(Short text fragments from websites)
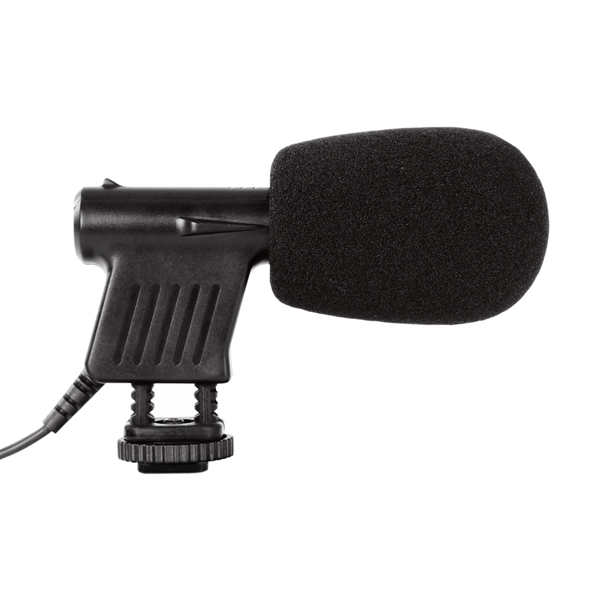 Mikrofon HP untuk Vlog 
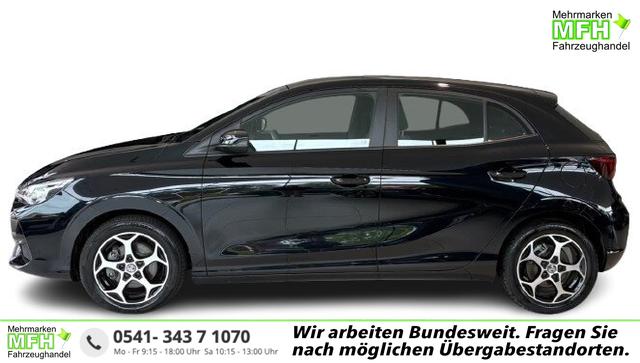 MG MG3 - Comfort RFK+NAVI+PDC 3 Hybrid+ 194 PS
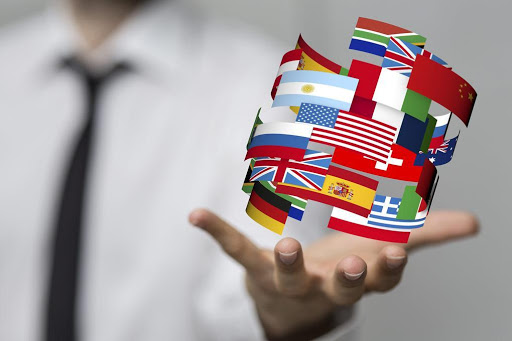 Logo da empresa - Lux Translation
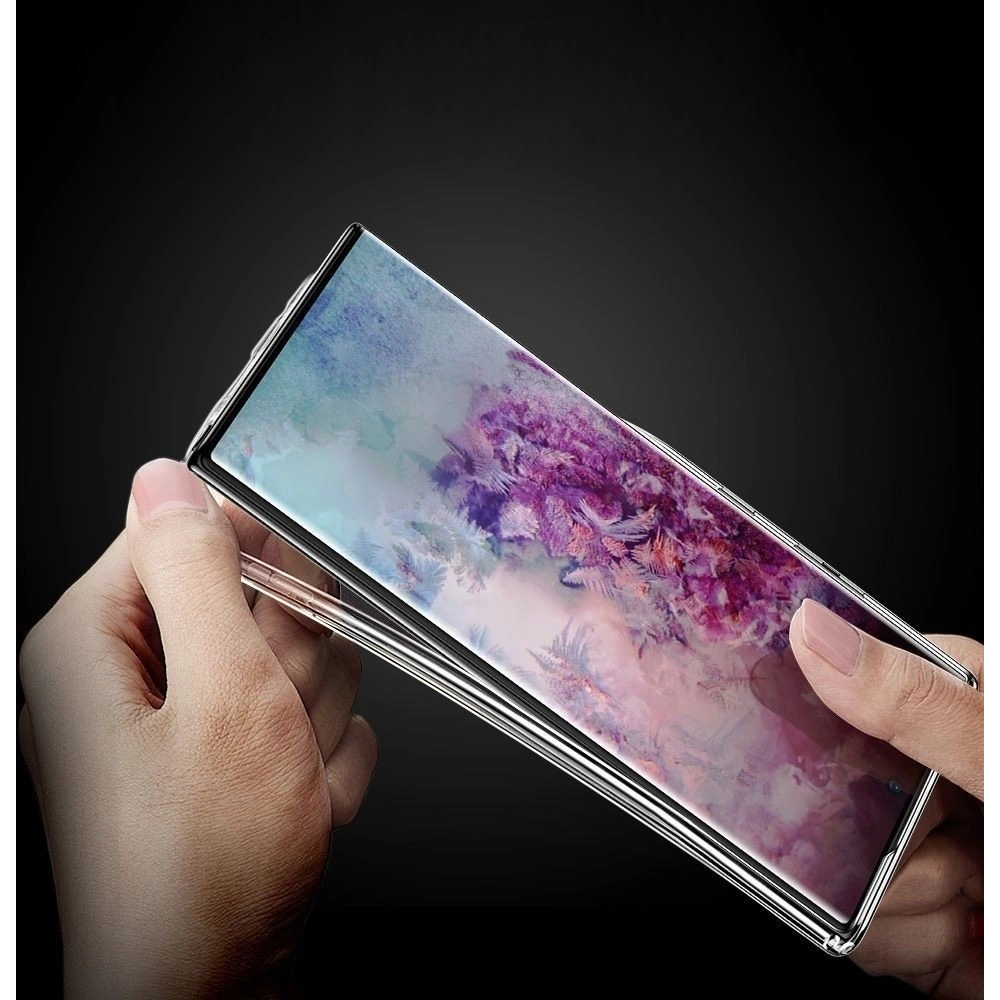 Hurtownia GSM - Etui ESR Ice Shield Samsung Galaxy Note 10+ Plus Clear - ESR078CL - {ean13} - Hurt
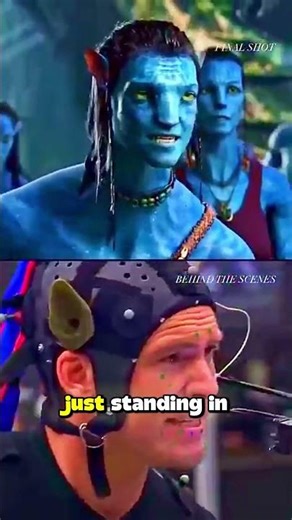 This is how creatures in avatar were made…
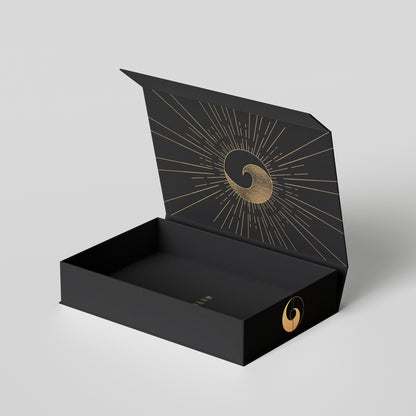 易传国风易经六十四卦牌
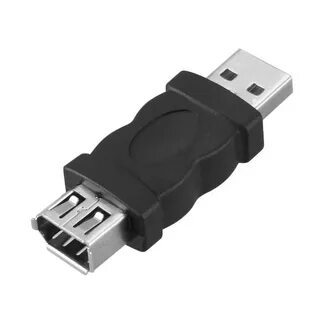 Firewire IEEE 1394 6 контактный разъем USB 2,0 Тип A адаптер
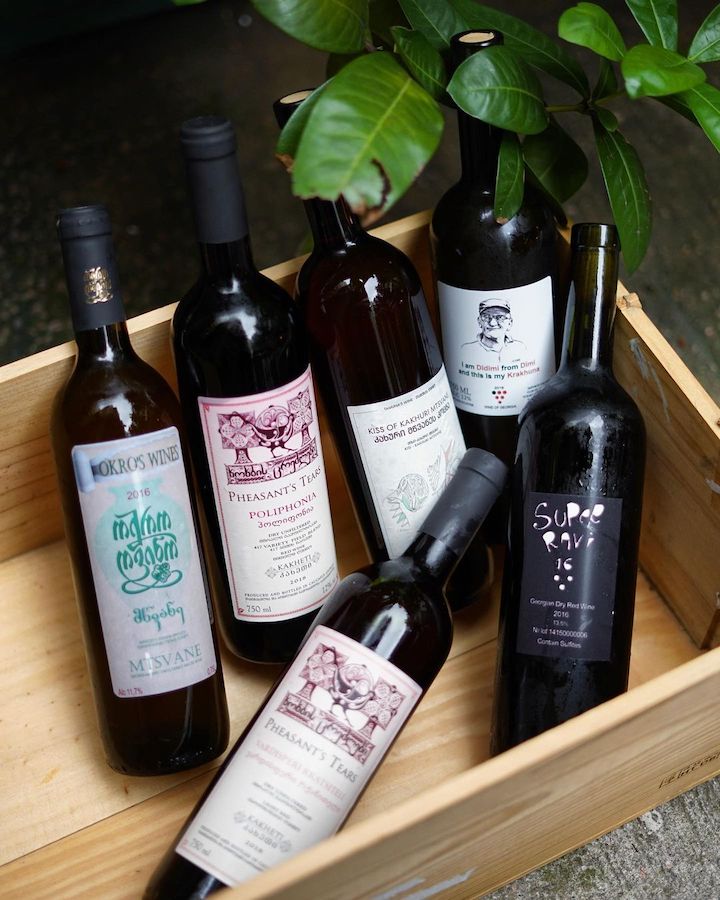 Online Wine & Alcohol Delivery In Hong Kong: La Cabane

# WORK REQUEST:
Quote only what lies between the first line of the records and the line containing "易传国风易经六十四卦牌", please, including both lines and excluding images.

# REPLY TO THE TASK:
 Mikrofon HP untuk Vlog 
 MG MG3 - Comfort RFK+NAVI+PDC 3 Hybrid+ 194 PS
 Logo da empresa - Lux Translation
 Hurtownia GSM - Etui ESR Ice Shield Samsung Galaxy Note 10+ Plus Clear - ESR078CL - {ean13} - Hurt
 This is how creatures in avatar were made…
 易传国风易经六十四卦牌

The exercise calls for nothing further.